What would be the cayley-idiomatic way to do this?

Building a Cayley Cookbook

These seems like a fun one – I will play with it tomorrow, right now on a ticket moving spree!


The pairwise case can be used to build the n-ary case, but it would be nice to be able to find ways to cache work between the searches to improve the performance there.


@kortschak Interesting. Are you asking about general approach or possible optimizations?

Looks a bit similar to a way transitive closure works in @barakmich’s branch.

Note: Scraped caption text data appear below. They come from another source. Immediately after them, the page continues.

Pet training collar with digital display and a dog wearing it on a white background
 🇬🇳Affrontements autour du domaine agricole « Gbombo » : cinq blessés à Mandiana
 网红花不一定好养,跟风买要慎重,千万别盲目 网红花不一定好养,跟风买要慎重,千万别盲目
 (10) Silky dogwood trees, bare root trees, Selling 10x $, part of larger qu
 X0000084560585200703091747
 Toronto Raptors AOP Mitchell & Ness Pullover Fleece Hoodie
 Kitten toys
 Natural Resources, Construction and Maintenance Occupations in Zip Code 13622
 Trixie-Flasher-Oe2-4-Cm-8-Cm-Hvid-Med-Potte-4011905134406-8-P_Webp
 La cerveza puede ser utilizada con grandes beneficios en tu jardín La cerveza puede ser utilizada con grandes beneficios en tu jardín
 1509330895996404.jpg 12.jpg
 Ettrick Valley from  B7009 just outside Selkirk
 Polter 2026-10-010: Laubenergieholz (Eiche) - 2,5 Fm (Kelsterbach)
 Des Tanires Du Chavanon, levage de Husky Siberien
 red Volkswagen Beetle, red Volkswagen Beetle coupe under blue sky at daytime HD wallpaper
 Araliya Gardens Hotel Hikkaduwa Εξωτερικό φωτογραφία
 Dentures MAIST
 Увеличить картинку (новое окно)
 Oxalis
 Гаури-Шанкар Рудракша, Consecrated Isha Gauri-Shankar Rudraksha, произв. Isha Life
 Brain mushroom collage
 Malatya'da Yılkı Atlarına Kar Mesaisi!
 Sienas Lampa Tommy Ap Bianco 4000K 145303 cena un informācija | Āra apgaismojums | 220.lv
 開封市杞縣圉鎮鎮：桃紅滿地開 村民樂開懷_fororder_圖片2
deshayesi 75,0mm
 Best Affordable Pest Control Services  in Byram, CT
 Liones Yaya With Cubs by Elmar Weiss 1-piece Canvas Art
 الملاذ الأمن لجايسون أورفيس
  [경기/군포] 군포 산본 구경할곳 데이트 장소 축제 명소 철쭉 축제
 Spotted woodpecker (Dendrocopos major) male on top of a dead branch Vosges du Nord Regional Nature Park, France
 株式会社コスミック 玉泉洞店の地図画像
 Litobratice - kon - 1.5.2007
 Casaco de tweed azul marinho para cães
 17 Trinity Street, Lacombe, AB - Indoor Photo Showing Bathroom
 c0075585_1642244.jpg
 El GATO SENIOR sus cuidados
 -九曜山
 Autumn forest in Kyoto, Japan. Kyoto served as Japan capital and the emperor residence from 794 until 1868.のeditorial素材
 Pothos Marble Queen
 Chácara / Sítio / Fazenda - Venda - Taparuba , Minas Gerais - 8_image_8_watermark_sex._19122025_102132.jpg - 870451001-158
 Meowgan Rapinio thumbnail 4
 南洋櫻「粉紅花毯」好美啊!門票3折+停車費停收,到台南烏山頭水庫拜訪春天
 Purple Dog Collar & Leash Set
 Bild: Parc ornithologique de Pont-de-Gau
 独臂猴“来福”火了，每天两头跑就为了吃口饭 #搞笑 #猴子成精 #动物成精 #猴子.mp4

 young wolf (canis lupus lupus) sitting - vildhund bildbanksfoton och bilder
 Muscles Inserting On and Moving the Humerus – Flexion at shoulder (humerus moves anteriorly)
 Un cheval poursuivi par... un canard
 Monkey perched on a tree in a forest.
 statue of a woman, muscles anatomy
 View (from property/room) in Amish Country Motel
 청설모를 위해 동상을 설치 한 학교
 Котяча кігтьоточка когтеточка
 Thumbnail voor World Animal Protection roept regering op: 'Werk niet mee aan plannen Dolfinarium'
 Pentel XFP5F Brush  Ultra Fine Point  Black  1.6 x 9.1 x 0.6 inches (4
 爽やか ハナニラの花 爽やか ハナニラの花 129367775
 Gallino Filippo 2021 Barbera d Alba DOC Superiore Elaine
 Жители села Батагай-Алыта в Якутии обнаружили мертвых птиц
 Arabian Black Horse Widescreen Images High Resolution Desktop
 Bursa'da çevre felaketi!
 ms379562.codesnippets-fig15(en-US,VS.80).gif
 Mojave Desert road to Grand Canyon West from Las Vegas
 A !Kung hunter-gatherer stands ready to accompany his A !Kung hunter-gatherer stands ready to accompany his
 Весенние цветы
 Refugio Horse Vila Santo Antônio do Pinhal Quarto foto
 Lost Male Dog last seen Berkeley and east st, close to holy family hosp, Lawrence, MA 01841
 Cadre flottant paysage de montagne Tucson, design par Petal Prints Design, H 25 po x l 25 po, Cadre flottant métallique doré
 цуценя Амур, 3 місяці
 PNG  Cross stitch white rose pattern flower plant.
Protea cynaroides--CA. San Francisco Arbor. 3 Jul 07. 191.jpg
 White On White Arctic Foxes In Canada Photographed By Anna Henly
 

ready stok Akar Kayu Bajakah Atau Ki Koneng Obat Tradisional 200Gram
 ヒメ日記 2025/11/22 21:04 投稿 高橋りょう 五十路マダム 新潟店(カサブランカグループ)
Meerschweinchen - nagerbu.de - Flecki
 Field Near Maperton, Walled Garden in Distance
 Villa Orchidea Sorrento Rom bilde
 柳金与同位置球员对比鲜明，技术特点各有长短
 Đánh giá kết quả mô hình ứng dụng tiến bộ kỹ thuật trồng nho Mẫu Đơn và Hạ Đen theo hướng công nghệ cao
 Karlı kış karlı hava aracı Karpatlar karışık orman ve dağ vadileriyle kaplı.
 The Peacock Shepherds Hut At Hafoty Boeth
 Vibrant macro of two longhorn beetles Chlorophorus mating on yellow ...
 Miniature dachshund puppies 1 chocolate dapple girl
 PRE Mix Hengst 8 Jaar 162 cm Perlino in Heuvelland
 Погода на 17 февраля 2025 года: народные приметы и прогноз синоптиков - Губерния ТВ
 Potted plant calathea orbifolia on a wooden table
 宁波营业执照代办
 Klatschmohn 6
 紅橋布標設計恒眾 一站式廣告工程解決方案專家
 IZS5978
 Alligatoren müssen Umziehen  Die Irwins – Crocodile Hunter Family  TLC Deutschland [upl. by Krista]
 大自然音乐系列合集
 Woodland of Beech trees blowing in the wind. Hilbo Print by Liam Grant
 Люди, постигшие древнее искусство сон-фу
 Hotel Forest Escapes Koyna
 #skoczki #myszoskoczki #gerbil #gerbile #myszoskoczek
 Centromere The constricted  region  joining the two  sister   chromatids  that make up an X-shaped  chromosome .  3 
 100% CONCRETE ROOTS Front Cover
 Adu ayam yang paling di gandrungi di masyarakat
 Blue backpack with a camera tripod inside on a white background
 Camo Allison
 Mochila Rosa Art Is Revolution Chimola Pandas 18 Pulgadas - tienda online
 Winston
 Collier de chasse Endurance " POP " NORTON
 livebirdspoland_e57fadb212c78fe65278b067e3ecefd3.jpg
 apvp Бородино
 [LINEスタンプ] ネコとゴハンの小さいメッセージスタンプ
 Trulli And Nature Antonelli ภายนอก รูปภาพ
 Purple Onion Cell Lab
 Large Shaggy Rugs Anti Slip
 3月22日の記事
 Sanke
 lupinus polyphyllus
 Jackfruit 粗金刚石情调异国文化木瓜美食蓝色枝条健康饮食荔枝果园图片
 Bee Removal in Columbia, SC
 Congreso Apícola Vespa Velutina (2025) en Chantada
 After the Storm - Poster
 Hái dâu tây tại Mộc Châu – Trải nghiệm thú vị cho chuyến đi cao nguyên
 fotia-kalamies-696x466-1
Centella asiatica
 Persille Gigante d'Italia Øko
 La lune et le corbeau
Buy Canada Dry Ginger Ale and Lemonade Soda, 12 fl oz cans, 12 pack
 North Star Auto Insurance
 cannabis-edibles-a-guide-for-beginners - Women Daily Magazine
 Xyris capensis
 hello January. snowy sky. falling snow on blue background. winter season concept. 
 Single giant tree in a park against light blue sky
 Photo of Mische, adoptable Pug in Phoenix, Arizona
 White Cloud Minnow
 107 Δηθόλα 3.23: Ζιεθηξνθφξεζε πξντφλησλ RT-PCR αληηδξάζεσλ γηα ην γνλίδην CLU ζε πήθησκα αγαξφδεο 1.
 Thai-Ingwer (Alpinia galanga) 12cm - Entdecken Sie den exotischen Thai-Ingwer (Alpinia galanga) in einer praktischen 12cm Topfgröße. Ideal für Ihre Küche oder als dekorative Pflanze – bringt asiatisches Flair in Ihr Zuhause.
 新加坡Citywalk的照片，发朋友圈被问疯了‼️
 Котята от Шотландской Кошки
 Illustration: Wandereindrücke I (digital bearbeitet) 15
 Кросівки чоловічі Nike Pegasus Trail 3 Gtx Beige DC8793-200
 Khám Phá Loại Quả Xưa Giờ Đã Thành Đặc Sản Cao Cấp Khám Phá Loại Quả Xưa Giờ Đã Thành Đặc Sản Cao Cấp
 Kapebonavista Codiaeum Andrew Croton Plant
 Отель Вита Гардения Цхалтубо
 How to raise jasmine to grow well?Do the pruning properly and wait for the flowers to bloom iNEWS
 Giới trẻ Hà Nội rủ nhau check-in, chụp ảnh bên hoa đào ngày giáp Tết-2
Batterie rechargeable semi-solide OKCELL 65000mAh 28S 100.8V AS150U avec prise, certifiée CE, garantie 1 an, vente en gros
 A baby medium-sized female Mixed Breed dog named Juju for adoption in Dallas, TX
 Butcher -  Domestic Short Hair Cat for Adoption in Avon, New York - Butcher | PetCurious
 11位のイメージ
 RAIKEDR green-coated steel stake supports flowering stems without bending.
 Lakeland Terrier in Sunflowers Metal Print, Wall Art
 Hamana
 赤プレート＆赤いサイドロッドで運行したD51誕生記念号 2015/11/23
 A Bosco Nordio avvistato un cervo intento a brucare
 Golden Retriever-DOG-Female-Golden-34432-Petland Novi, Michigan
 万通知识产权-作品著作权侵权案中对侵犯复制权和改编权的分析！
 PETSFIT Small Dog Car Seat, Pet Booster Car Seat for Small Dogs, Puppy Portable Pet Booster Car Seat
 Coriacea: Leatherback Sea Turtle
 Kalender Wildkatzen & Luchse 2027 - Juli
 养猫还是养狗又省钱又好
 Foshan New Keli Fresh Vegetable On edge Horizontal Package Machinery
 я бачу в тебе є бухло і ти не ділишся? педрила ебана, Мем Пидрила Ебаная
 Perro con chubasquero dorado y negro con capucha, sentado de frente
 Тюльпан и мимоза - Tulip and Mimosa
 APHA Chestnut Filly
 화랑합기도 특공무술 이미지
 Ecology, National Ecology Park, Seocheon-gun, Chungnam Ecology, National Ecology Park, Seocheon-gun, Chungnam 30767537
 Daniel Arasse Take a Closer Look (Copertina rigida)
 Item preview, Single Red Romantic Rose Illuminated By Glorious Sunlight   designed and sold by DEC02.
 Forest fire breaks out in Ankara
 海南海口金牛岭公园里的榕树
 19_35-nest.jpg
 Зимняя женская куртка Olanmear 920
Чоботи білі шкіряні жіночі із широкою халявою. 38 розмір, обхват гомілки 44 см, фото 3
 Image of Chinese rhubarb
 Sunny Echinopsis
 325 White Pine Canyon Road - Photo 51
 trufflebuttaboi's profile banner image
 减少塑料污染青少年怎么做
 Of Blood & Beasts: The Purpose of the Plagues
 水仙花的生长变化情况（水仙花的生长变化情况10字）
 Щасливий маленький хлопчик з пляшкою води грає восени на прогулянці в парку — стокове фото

Regarding optimizations, you should avoid using store.NameOf if possible and compare values returned by iterators directly. Value lookup is not always free (or almost always it is not).

In any case, I think loop will be there. The best way will be to implement a special iterator type for this (in-depth transition via some predicate), but again, I think transitive closure branch does exactly that.


@dennwc I think both. A general approach is worth knowing about, but optimisations are going to be necessary in the long term.

What you’re describing is certainly what I had in mind conceptually. Can you point to Barak’s branch? I don’t see it.


https://github.com/barakmich/cayley/tree/transitive_closure – hidden in his own little toybox of Cayley insanity!


Yes, that does look like a way to walk the path.